The company, founded in 2003 by two then-recent college graduates, produces AirCarbon by combining what it describes as a breakthrough high-yield biocatalyst with air and captured methane-based greenhouse gas (GHG) emissions, mostly captured from cow dung piles in dairy operations.

On its website, Newlight states its mission as “replacing oil-based plastics with GHG-based plastics on a global scale.” It counts among its customers global firms such as Dell Computer and the Body Shop retail chain. Last year the World Economic Forum named the company one of 24 “technology pioneers,”a designation it had given in the past to firms such as Google and Airbnb.

Newlight CEO co-founder Mark Herrema said the Vinmar contract vaults his company to a “world-scale volume” for its future production. Herrema, along with co-founder and Chief Technology Officer Kenton Kimmel, want to change the way the world makes materials by using GHG as a resource to do it.

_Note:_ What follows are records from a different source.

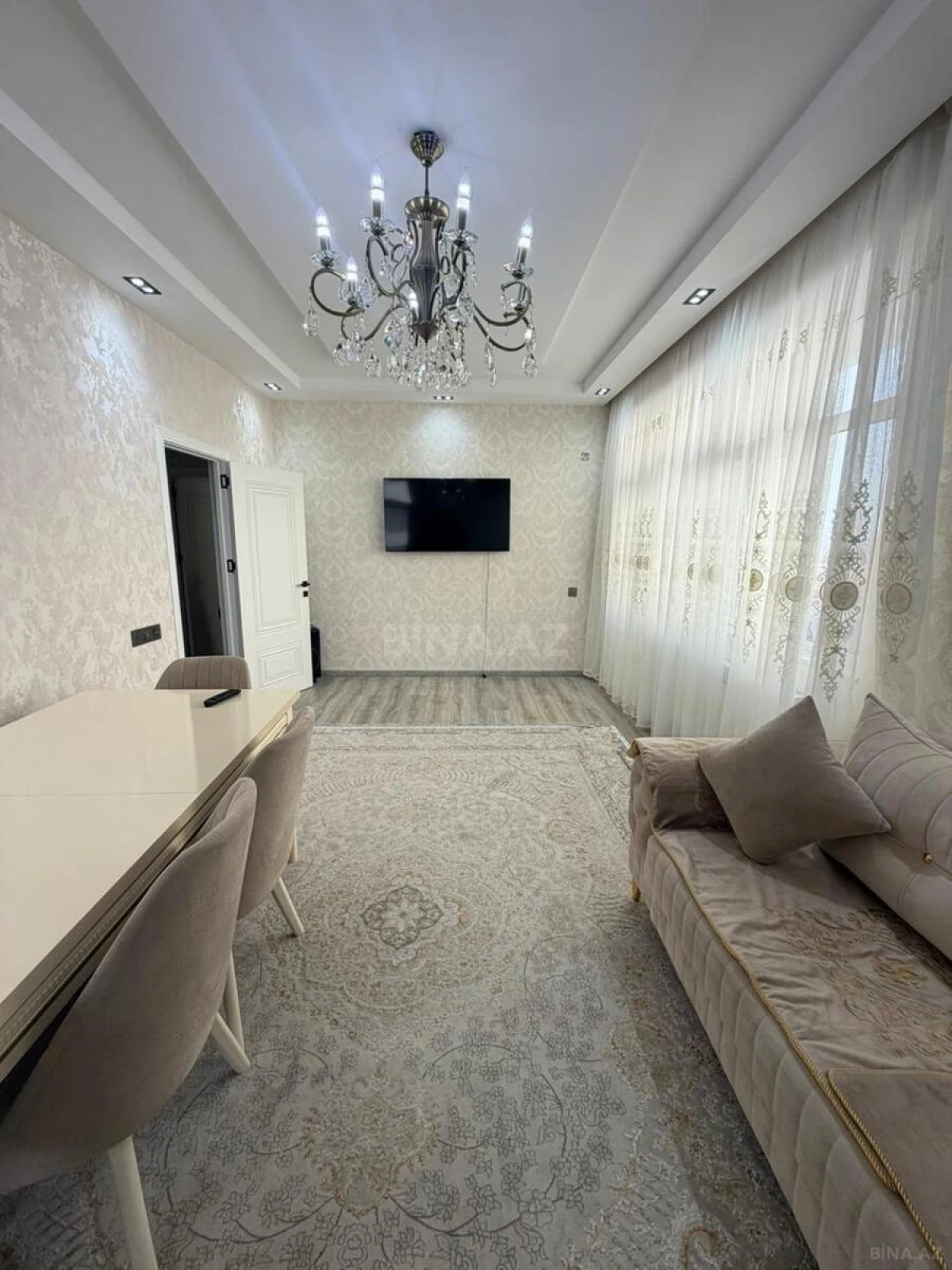 Satılır 2 otaqlı mənzil 91 m²
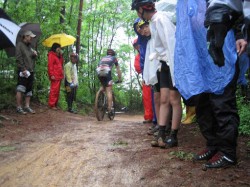 吉備高原ＭＴＢ大会 一般ビギナー クロさん声援を受けながら走る！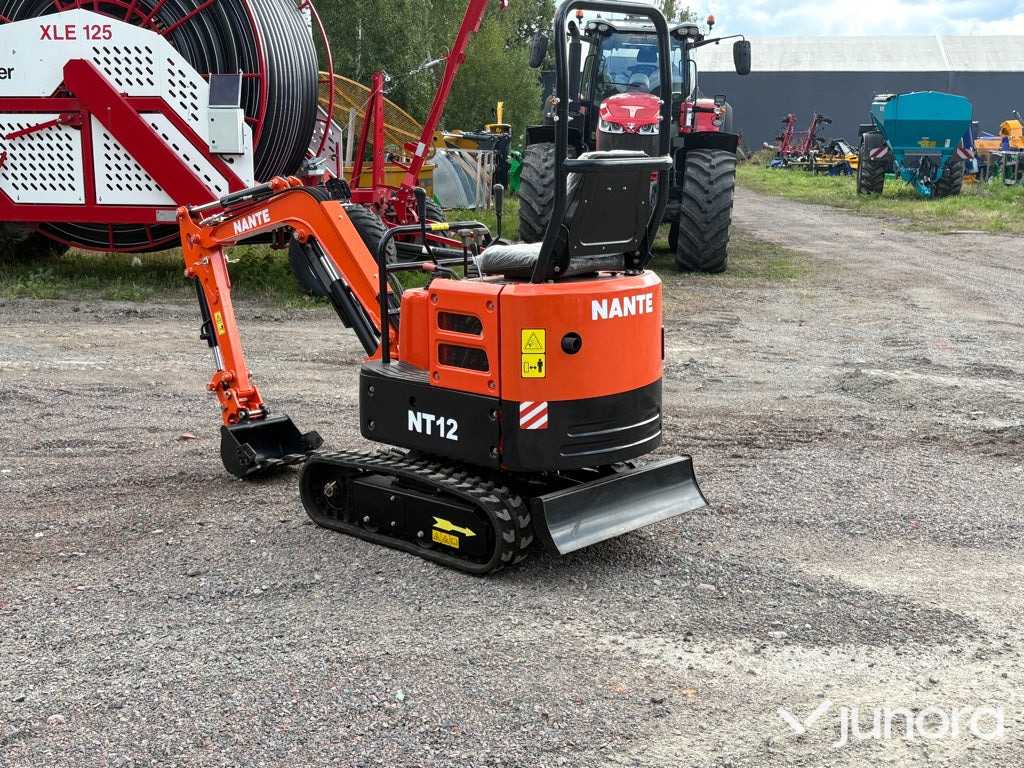 Grävmaskin NT12 - Mini excavator: picture 3 Grävmaskin NT12 - Mini excavator: picture 3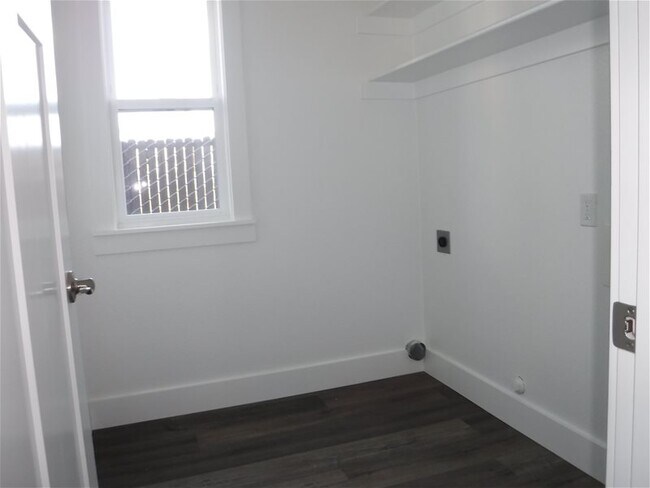 Building Photo - 813 Shasta St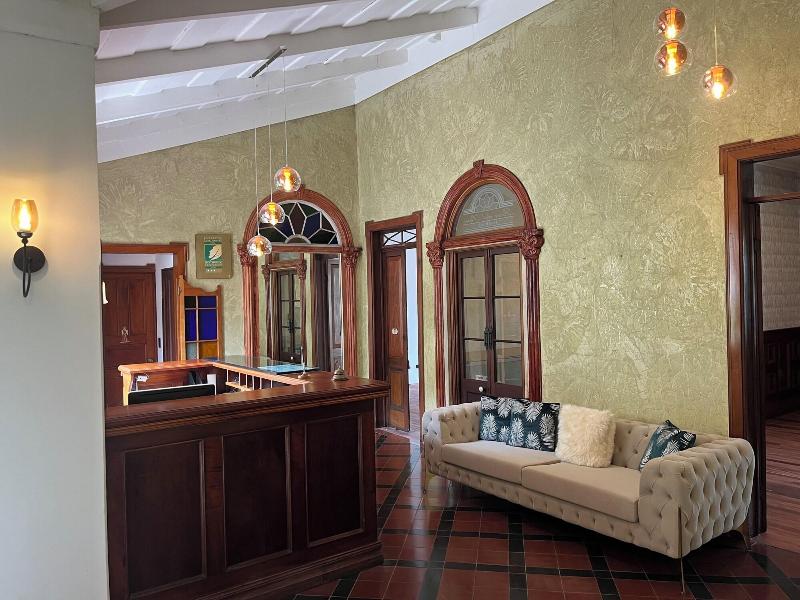 The Victorian Hotel Cr image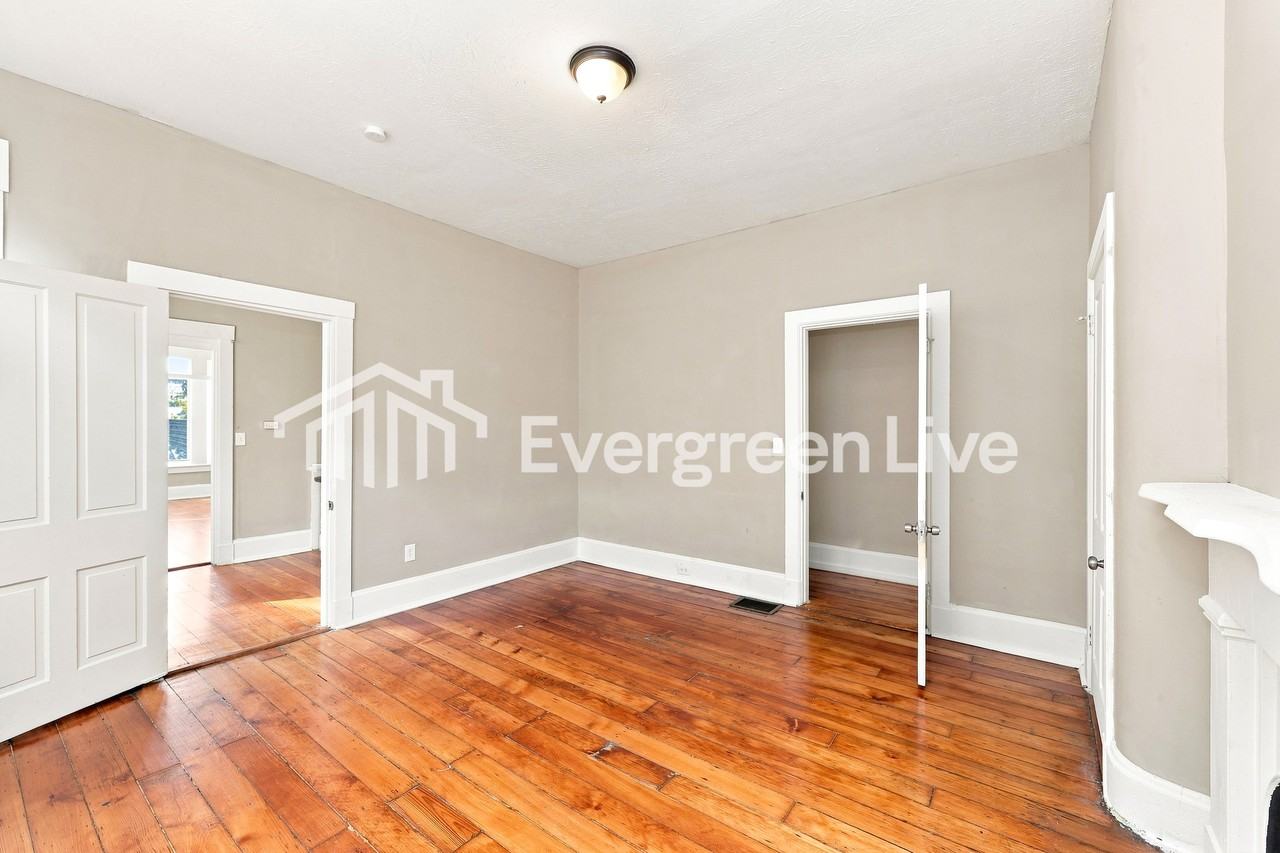 16 E 15th St - Photo 7 of 15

“Demand for plastics will continue to grow globally, and AirCarbon addresses an important need in the market,” said Kartik Mehta, a Vinmar senior executive. “We believe Newlight’s advanced high-yield technology, unique cost structure, and commercial-scale operations position AirCarbon to effectively compete in the market on price and performance, allowing us to market AirCarbon PHA to a broad range of customers.”

Academics and others have questioned how much the Newlight technology might influence future climate change programs, but they all admit that every little bit helps. Other companies in California and elsewhere are working on similar technologies for converting waste methane to plastics.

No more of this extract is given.